Family Care is an Integral Part of Humanistic Stroke Care Practice
Family members are the primary caregivers of patients who have had a stroke, and the quality of care can have a direct impact on the outcome of the patient’s recovery; however, this topic is often overlooked in the current healthcare system. Relevant data34,35 show that in 2019, the incidence of stroke in China was 201/100,000, with an increasing prevalence. The number of people aged 40 and over who are living with stroke is approximately 17.04 million, and the standardised prevalence of stroke in the population aged 40 and over has increased from 1.89% in 2012 to 2.58%. In contrast, at the end of 2018, the total number of registered nurses in China was only 4,098,600, and there was a gap between the bed-to-nurse ratio and the relevant standard.

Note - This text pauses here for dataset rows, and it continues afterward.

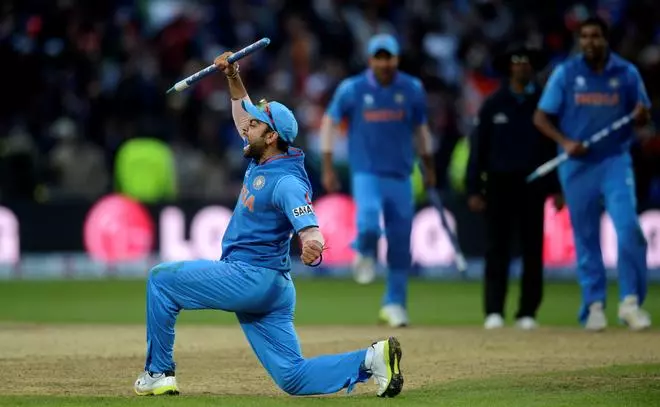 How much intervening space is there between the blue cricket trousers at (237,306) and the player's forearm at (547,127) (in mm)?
5246

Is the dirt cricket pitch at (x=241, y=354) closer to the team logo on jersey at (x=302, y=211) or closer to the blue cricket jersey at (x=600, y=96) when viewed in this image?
the team logo on jersey at (x=302, y=211)

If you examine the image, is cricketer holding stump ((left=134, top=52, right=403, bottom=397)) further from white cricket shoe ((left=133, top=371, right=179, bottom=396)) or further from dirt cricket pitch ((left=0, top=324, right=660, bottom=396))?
dirt cricket pitch ((left=0, top=324, right=660, bottom=396))

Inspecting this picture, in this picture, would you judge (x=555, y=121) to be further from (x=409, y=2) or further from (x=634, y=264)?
(x=409, y=2)

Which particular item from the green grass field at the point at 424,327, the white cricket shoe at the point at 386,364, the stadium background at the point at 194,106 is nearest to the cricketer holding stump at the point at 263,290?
the white cricket shoe at the point at 386,364

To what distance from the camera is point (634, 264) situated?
14.0 m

In recent years, many scholars in China have gradually focused on the families of patients with stroke, but there are fewer references to family care.36–38 Studies by Wiles39 have shown that families mostly feel stressed in the early stages of caring for a patient with stroke due to a lack of appropriate caregiving knowledge. Similar findings have been reported in other studies, including the Scoping Review,40 which found that stroke carers felt that care knowledge and physical and psychological support were the most urgently needed aid. Therefore, assessing family carers’ stress reactions, the stress of caring for patients with stroke and providing information on stress management, caregiving skills training and access to professional companions can help families feel the warmth of their carers and reduce their physical and emotional stress.41
Based on the actual humanistic care needs of patients with stroke and their families, the practical effect of humanistic care in stroke wards can be improved. This study provides a reference for the construction of humanistic nursing practice guidelines for late stroke.
Data Sharing Statement
All data generated or analyzed during this study are included in this published article.
Ethics Approval and Consent to Participate
This study was conducted in accordance with the Declaration of Helsinki and approved by the Ethics Committee of General Hospital of Southern Theatre Command (YLL70). All participants provided a written and signed letter of consent to be interviewed.
Consent for Publication
All participants agreed to publish the relevant data anonymously.
The authors report no conflicts of interest in this work.